Art is a tangible thing with an intangible definition. There is no certainty or definite guidelines for what art even really is. Many choose to define art as “anything someone perceives as art” while other definitions attempt with “the expression or application of human creative skill and imagination, typically in a visual form such as painting or sculpture, producing works to be appreciated primarily for their beauty or emotional power.”
There couldn’t be a larger contrast to mathematics where proofs and definitions are foundational. This is why style transfer learning is so interesting. It is a mathematical optimization problem that provides a definite mapping between a visual subject and a new peice of art using the style of an existing visual art.
It is easy to defend that this optimization problem still produces art using my first definition of art, but even if we must use the second it still holds. Humans designed this optimization problem (1), the algorithms used to solve it (2), and the computers that run it. This problem and our ability to solve it is most definitely an example of human skill. Furthermore, our creativity arises from the choice of subject and style. Creations in this way are well documented for insighting emotional power and beauty, but if you keep reading you can be the judge. I think it is helpful to think of the optimization problem as an instrument like a brush.
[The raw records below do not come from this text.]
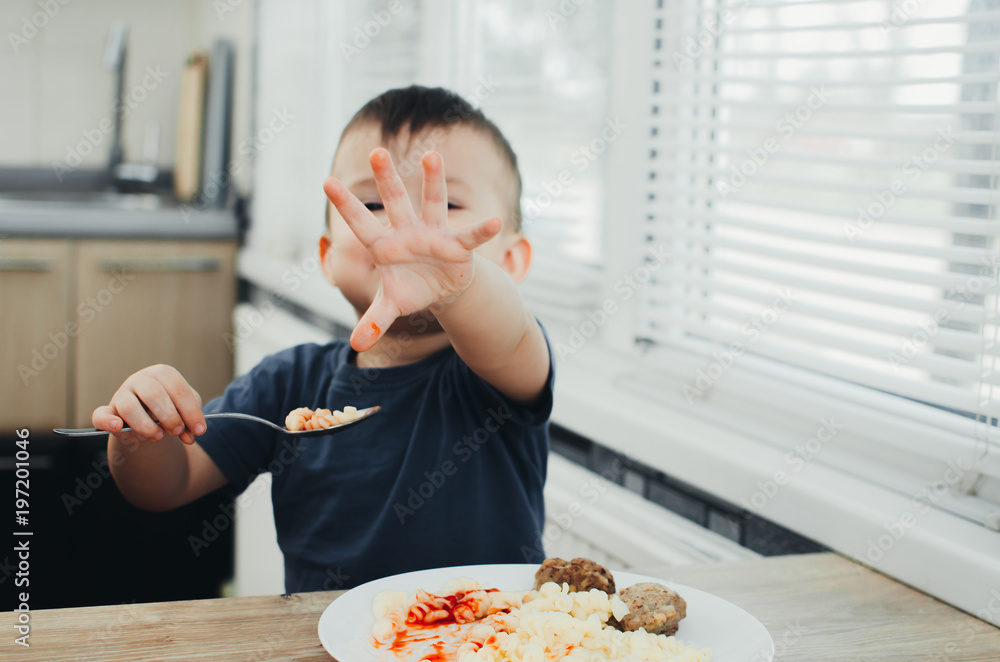 little baby boy in the kitchen eating pasta with cutlets, very tasty little baby boy in the kitchen eating pasta with cutlets, very tasty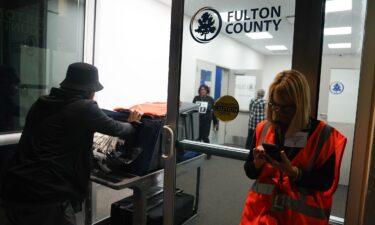 This November 2024 photo shows ballots arriving at the Fulton County Elections Hub and Operation Center in Fairburn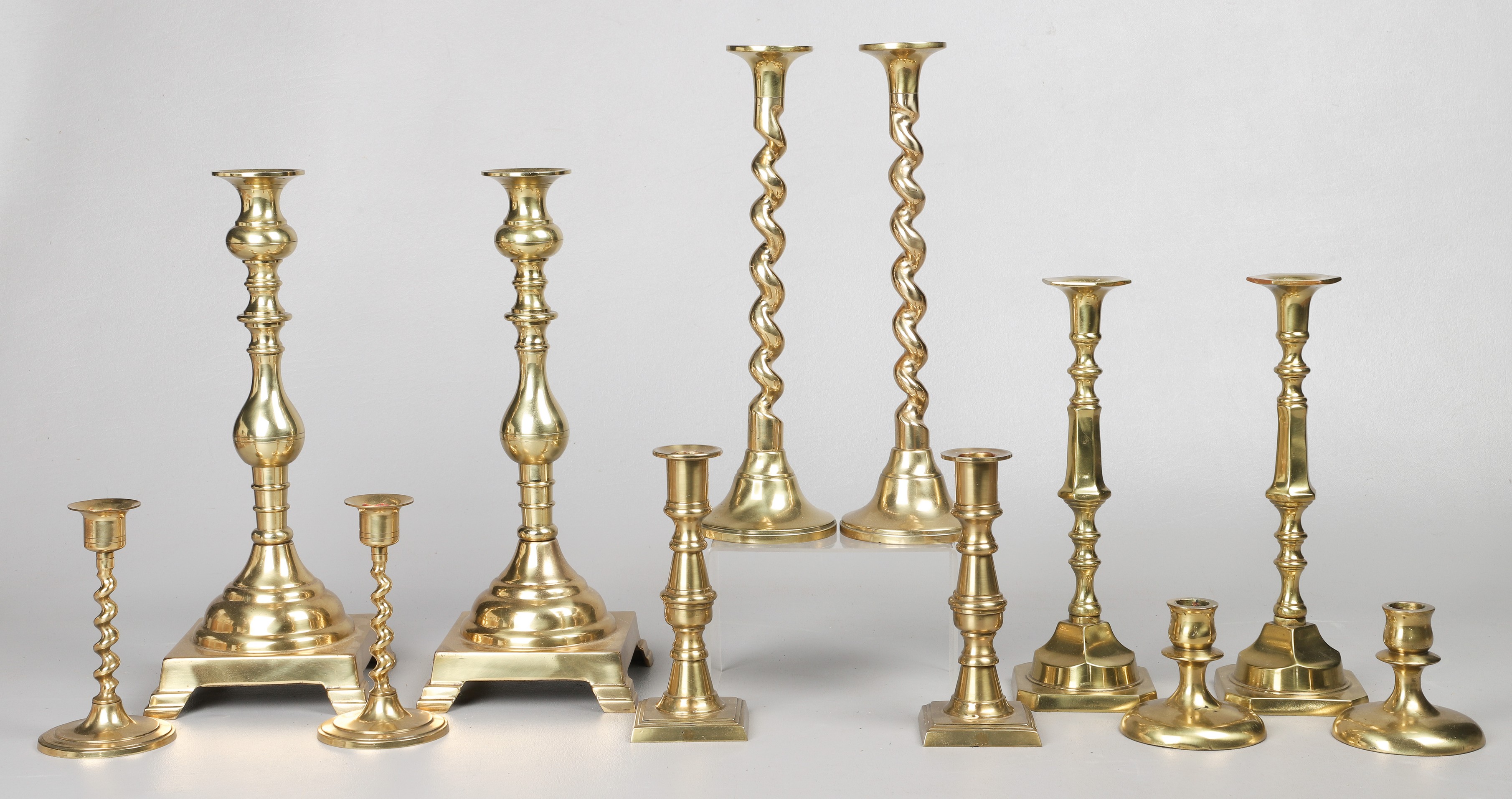 (6) Brass candlestick pairs to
Convolutional neural networks (CNN)s are a class of Deep neural networks. (3) is a great practical reference for CNNs that reformats ideas from (4). The key observation from style transfer learning was that CNNs pre-trained for object detection can be used to disentangle the content and style representation of an image. CNNs use the mathematical concept of convolution and specific “filters” at each layer to produce filter mappings of the image or previous filter map. A filter is nothing more than a matrix, and training uses back propagation to change filter matrices (5). Style transfer uses specific trained filters from a CNN to produce a feature mapping of an image that represents either the content of the image or the style of the image. Once we have disentangled this information, an optimization problem is then used to blend the content from one image with the style of another. (1) defines an optimization problem involving two terms, one for the content representation and one for the style representation, though often a third term for creating continuity between the two representations is used. The algorithm is solved via LFBGS due to the non-convex form. Keras documentation has a great practical implementation of style transfer learning (6). Below we demonstrate results from using this algorithm. The filter, from the pretrained vgg19, that best suits the content and style representations of an image will vary based on the image. In our experience, we can ramp up the size of our generated images by first converging images of low pixel resolution and using it as the starting point for larger setups.